Okazuje się, że po takim "wyluzowanym wychowaniu plastycznym" można mieć kłopoty w szkole: "dziecko nie wykazuje zdolności plastycznych, kreatywności, nie wykazuje się inwencją podczas wykonywania zadań na zadany temat".
STARSZY najprawdopodobniej zda do następnej klasy również z plastyki, ale łatwo nie jest...
- Niech Pani spojrzy! Czy to jest praca na poziomie jedenastolatka?!... Pusto, pusto, tylko morze i piasek, i jedna postać na kocu... To ma być wspomnienie z wakacji?!
(To była plaża, nasza plaża, pusta plaża, może ostatnia taka plaża nad Bałtykiem, ale to tajemnica i się nią z Panią od plastyki na pewno nie podzielę.)

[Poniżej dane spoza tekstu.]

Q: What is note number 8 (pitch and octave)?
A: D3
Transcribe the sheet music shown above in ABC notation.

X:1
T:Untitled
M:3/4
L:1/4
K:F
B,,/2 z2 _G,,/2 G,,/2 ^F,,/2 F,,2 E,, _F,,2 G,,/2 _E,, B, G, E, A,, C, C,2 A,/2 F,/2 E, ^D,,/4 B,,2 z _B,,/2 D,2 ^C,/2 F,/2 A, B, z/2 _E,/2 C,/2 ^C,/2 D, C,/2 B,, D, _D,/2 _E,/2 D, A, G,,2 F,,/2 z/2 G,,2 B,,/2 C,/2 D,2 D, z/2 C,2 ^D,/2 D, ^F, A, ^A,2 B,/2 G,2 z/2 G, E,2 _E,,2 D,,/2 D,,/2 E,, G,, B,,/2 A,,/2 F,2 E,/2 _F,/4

Moja mama tak wspomina dziecięce warsztaty rękodzielncze:
- Ja też musiałam przez to przechodzić, ale z moim matematycznym, sztywnych umysłem... Oglądałam z wami "Domowe Przedszkole", notowałam, a potem... Jejku! Najbardziej to nie lubiłam kleju! Nad tym paskudztwem nie dało się zapanować!

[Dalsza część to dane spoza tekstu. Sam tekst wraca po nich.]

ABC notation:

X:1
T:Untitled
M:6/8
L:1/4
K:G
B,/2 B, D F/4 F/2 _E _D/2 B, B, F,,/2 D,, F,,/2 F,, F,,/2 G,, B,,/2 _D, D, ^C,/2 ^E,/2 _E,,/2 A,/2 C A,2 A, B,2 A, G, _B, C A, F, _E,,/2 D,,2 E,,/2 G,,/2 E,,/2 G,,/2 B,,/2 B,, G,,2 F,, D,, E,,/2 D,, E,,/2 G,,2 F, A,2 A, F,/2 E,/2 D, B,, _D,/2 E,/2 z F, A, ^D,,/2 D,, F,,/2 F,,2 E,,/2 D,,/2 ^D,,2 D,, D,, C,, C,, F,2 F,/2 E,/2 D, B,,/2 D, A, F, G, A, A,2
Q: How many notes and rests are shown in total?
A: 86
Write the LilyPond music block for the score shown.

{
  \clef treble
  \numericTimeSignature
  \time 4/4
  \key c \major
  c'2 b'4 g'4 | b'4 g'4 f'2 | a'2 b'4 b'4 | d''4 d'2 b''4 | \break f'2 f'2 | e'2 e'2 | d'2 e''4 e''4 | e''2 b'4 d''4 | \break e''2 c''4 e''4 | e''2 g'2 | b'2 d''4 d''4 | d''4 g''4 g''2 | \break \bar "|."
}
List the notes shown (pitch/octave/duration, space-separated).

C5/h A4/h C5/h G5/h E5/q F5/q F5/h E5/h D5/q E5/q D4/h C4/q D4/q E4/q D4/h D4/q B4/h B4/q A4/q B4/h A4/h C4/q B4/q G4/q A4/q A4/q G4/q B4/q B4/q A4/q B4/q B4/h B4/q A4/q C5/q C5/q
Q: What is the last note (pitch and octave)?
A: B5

- "Idzie klej i po kolei napotkane rzeczy klei!"- wrzeszczo-recytują ŻelkoŻercy.
Ja nie mam "matematycznego, sztywnego umysłu" i zdecydowanie lepiej sobie radzę bez wzorów, reguł i instrukcji obsługi, ale dziś NAJMŁODSZA nie dała mi wyboru...
Przyznaję, łatwo nie było.
Te proste linie wzdłuż których trzeba było ciąć nożyczkami ze spokojem chirurga. Te wszystkie zakrętasy i łamane: mechanika precyzyjna. Potem zgiąć wzdłuż lini przerywanych. Na końcu klej. Wszystko pod wymiar rąk ŻelkoŻerców, ale bez pomocy mamy by się nie udało. Bez pomocy taśmy klejącej też nie... Jak się przez przypadek głowa wilka na pół rozerwie ("się" rozerwie oczywiście) to, no cóż, nasza wypróbowana metoda "zróbmy z tego coś innego" nie działa, trzeba użyć taśmy klejącej.
Gdy już się uda wyciąć, złożyć i skleić, a trzeba przyznać, że dzieciom zapału, energii nie brakowało, a tej ostatniej może nawet miały zbyt dużo... papierowe zwierzaki musiały przejść decydującą próbę. Ja czytałam bajkę dołączoną do zestawu, a MŁODSZY i NAJMŁODSZA animowali figurkami, a potem...
Potem już można było działać po naszemu: owca latała, wilk zjeżdżał z pudełka. Wilk nosił owcę, a owca wilka razy kilka itd., itp. I co najważniejsze: udało nam się nie zniszczyć zwierzaków. Czekają na jutro, bo jutro wyjmiemy z pudełka kolejną bajkę i wytniemy, złożymy, skleimy i przetestujemy kolejne zwierzaki...
- A z pudełka będziemy mogli później zrobić dom weterynarza?!
A w domku schowamy dwie rolki taśmy klejącej i tubę kleju!